*PROBLEM*
The listing below should be printed again word for word, without any images.

*EXERCISE DATA*
══════════════════════════════

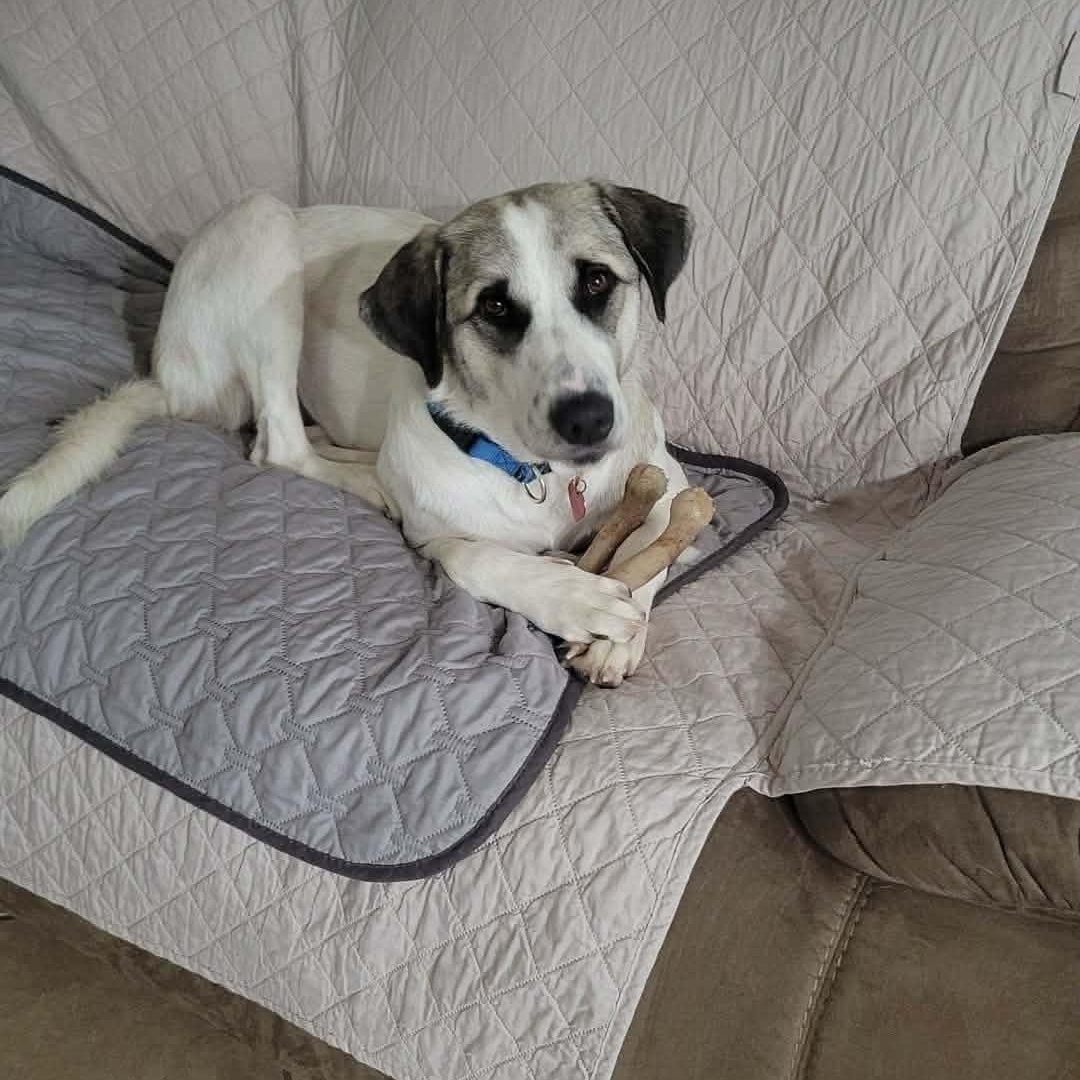 Lua, Adoptable, Young Female Anatolian Shepherd.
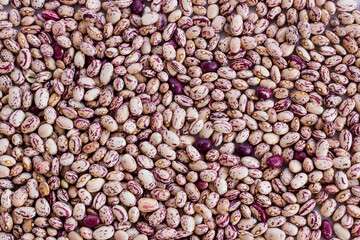 Striped red kidney beans background,flat layout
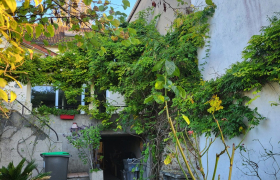 Taille d'arbres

══════════════════════════════

*WRITTEN RESPONSE*
 Lua, Adoptable, Young Female Anatolian Shepherd.
 Striped red kidney beans background,flat layout
 Taille d'arbres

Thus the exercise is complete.